Kiran Subbaraman wrote:
> I noticed that some of the feeds are not parsed by Abdera, and also noticed
> some discussion on the list related to Feed validation. Based on this, these
> are the steps I follow to help determine if issues related to parsing a feed
> is an Abdera one, or just the malformed feed.
> 
> These are the feeds that I tried:
> - http://www.feedsfarm.com/frontpage/health/atom - Does not parse
> - http://www.feedsfarm.com/frontpage/health/rss - Parses
> - http://feeds.feedburner.com/techtarget/tsscom/home - Does not parse
> - http://www.oreillynet.com/pub/feed/1?format=rss1 - Parses
> and a few more.
> 
> Are these steps sufficient? Or do I need to perform any other checks, that
> could help?
> Thanks,
> Kiran
> 
> 
> Step 1
> -------
> Use FeedValidator, to check the validity of a feed. FeedValidator is
> available here: http://feedvalidator.org
> * Valid ATOM feeds are processed by Abdera. 
> * RSS processing is still being introduced into Abdera, therefore some valid
> RSS feeds may still not be processed by Abdera
> 
> Step 2
> -------
> In addition, also use curl to check if the feeds are being served correctly.

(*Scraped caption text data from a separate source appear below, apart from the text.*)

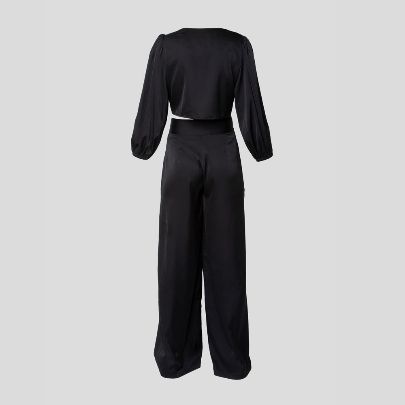 Picture of Wide legged trousers + cropped blouse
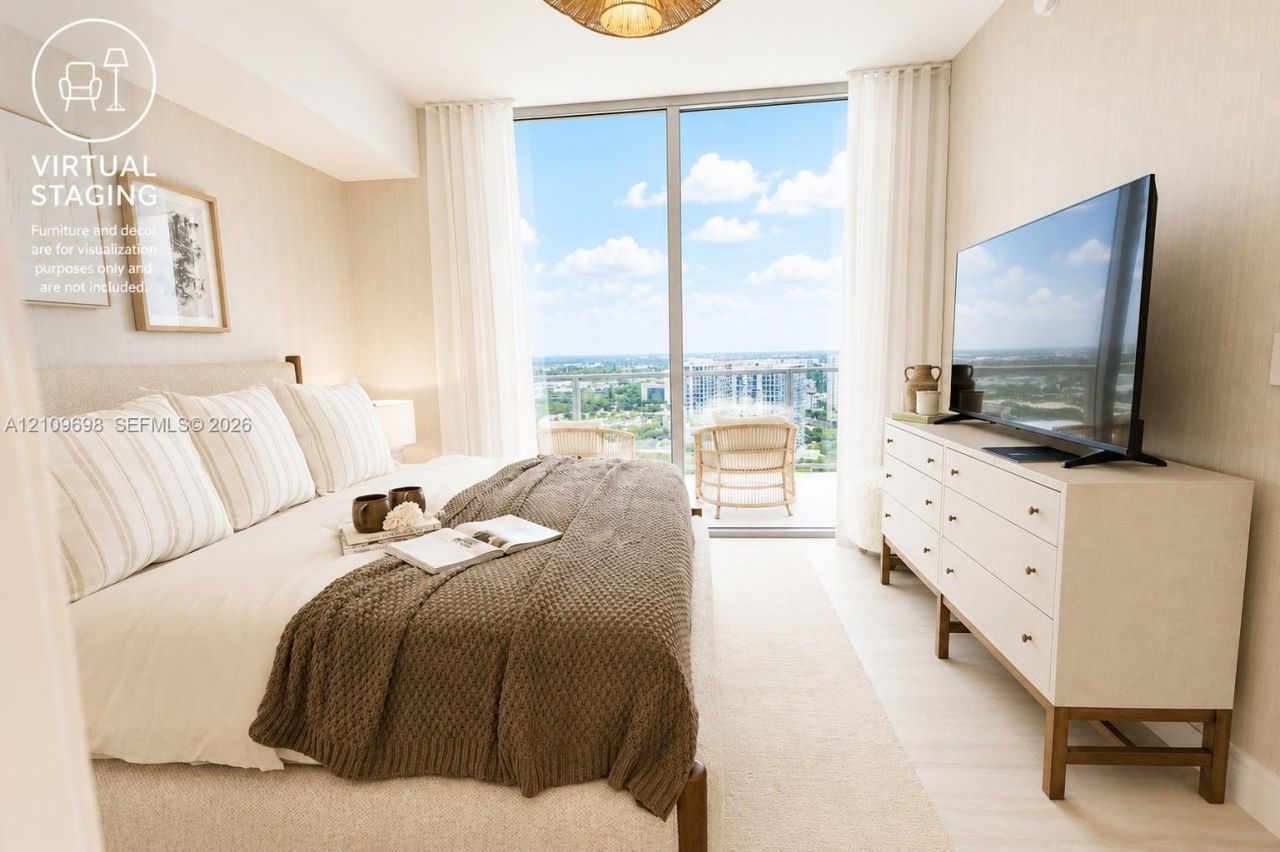 2411 Laguna Circle, Unit 810, North Miami, FL 33181 Photo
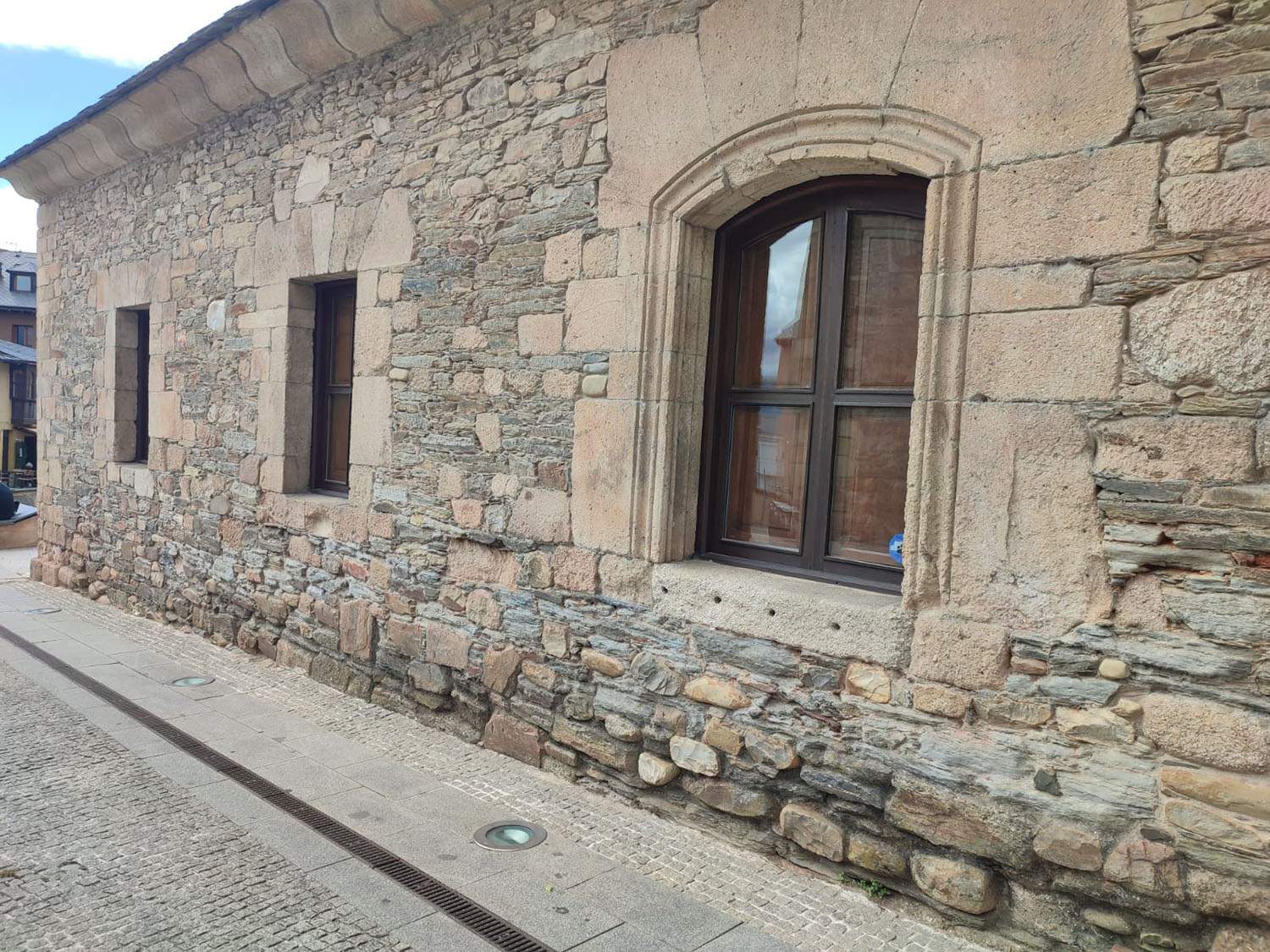 Oficina de Turismo de Ponferrada 1 Oficina de Turismo de Ponferrada 1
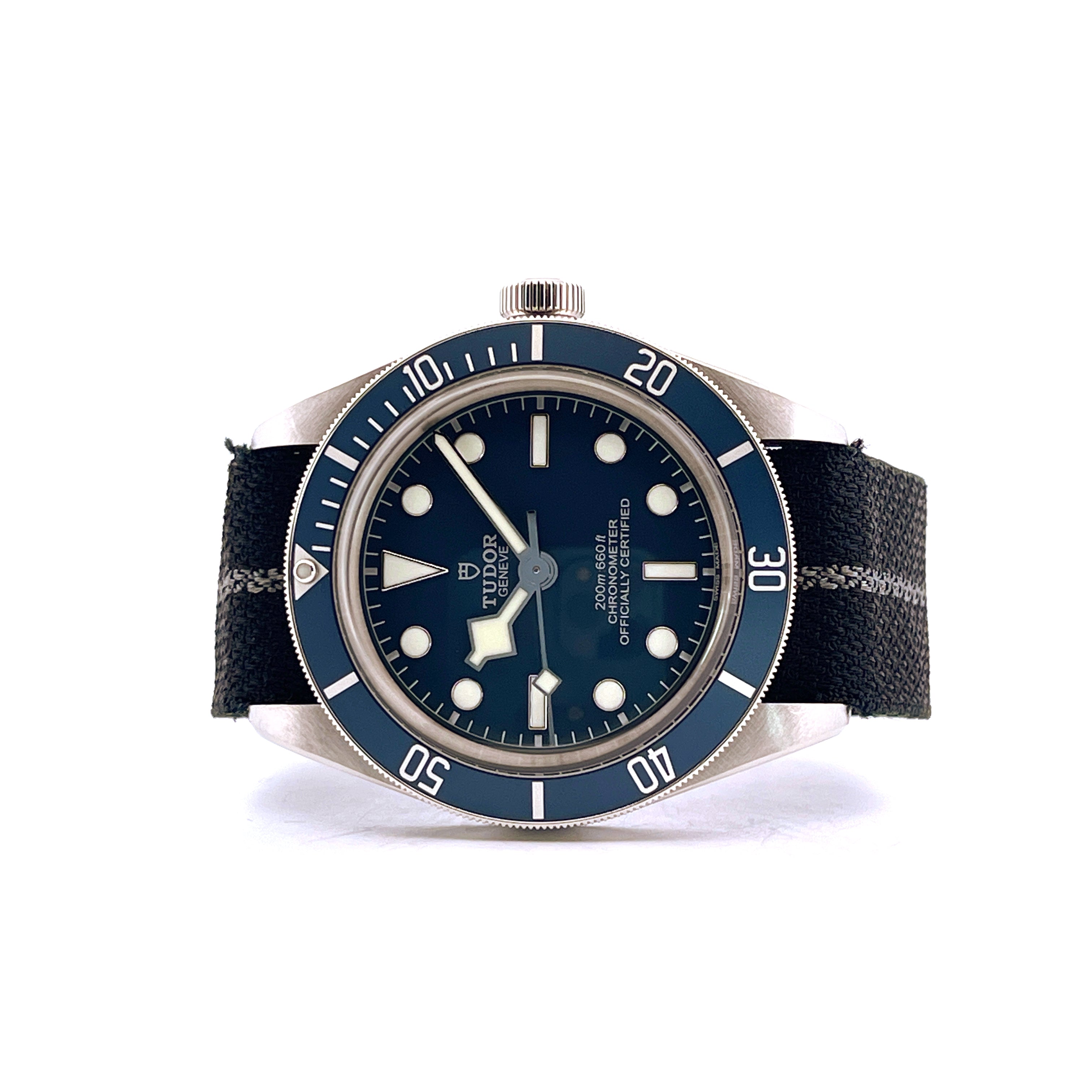 Tudor Black Bay Fifty-Eight Navy Blue mit blauem Zifferblatt und schwarzem Textilband Frontansicht auf weißem Hintergrund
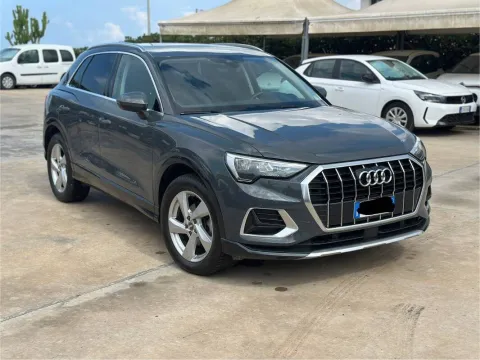 Audi Q3 35 2.0 tdi Business Advanced s-tronic - Immagine 2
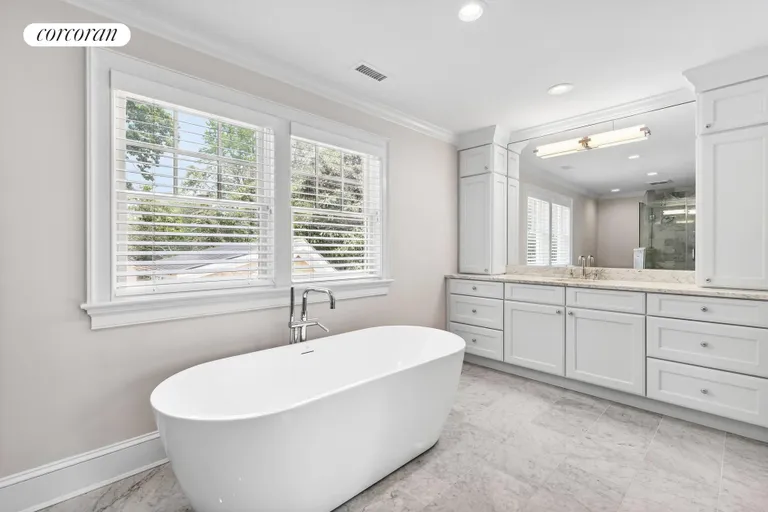 New York City Real Estate | View 24 Seely Lane | Primary Bath With Soaking Tub | View 18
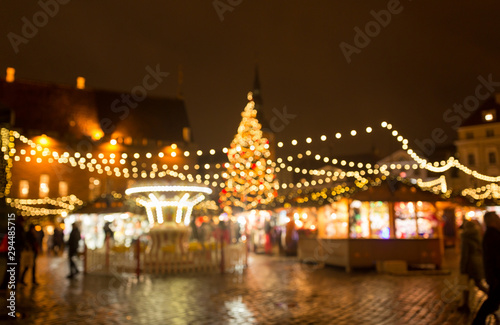 winter holidays and celebration concept - blurred christmas market in winter eve Fototapet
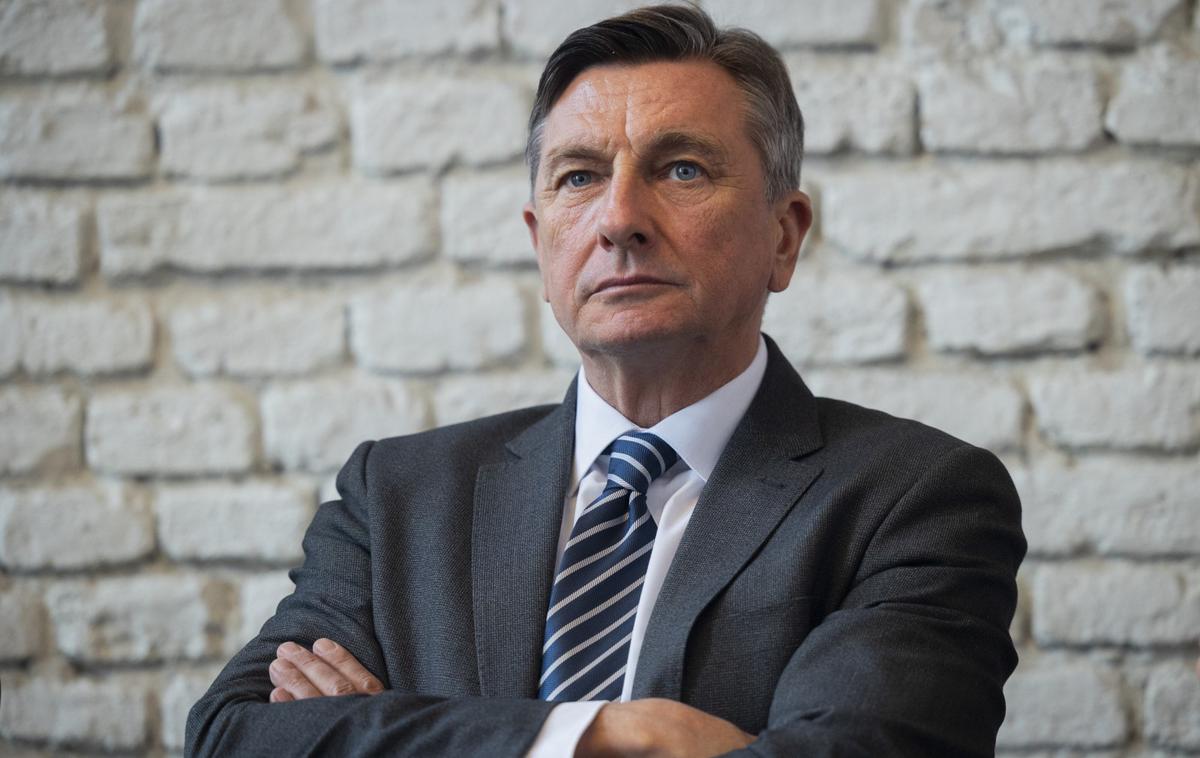 Borut Pahor | "Mislim, da bo najino sodelovanje precej uspešno in tudi zabavno," je ob podpisu pogodbe z Ivom Boscarolom poudaril Borut Pahor. | Foto STA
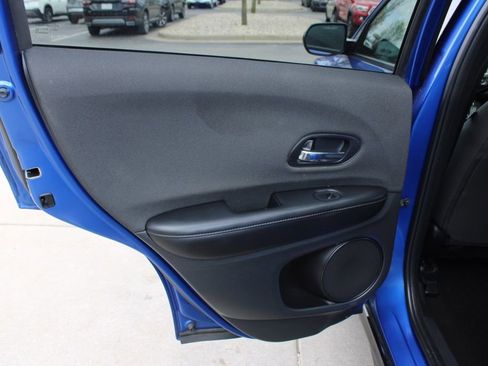 Used 2021 Honda HR-V Sport image 24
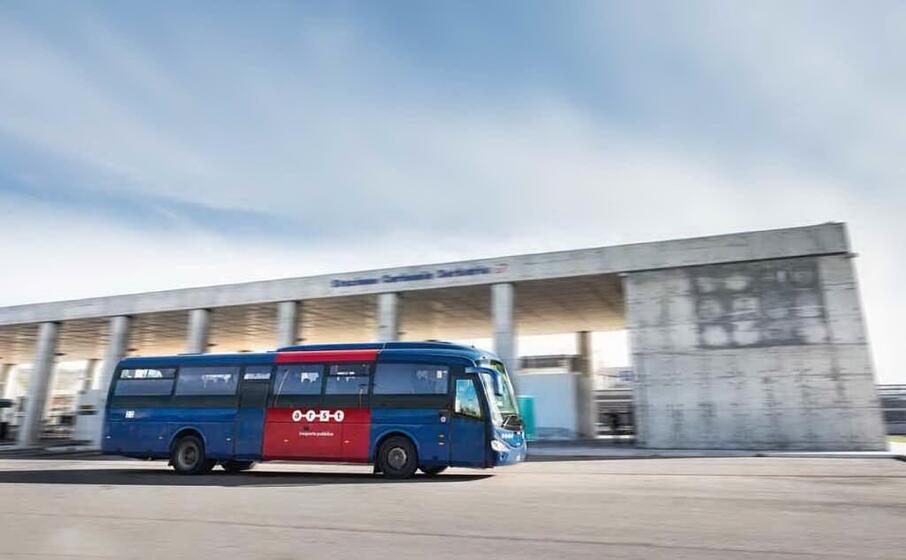 un bus arst (archivio l unione sarda)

> curl can be obtained from: http://curl.haxx.se/download.html
> Try this: curl -X GET http://news.google.com/?output=atom. In this
> particular example, Google will return a 403. Therefore the program needs to
> first establish a valid connection with Google, and then proceed with
> getting the feed content.
> 
> Step 3
> -------
> Have also created a sample Java program to determine if a feed can be
> processed.
> 
> import java.io.InputStream;
> import java.net.URL;
> 
> import org.apache.abdera.Abdera;
> import org.apache.abdera.model.Document;
> import org.apache.abdera.model.Feed;
> import org.apache.abdera.parser.Parser;
> 
> public class TestFeed {
> 
> 	public static void main(String[] args) throws Exception {
> 
> 		Parser parser = Abdera.getNewParser();
> 		InputStream input;
> 		try {
> 			input = new URL(args[0]).openStream();
> 			Document doc = (Document) parser.parse(input);
> 			Feed feed = (Feed) doc.getRoot();
> 			System.out.println("Feed can be parsed");
> 			System.out.println("Begin feed content -----");
> 			feed.writeTo(System.out);
> 			System.out.println("-------End feed content");
> 		} catch (Exception e) {
> 			e.printStackTrace();
> 		}
> 	}
> 
> }
>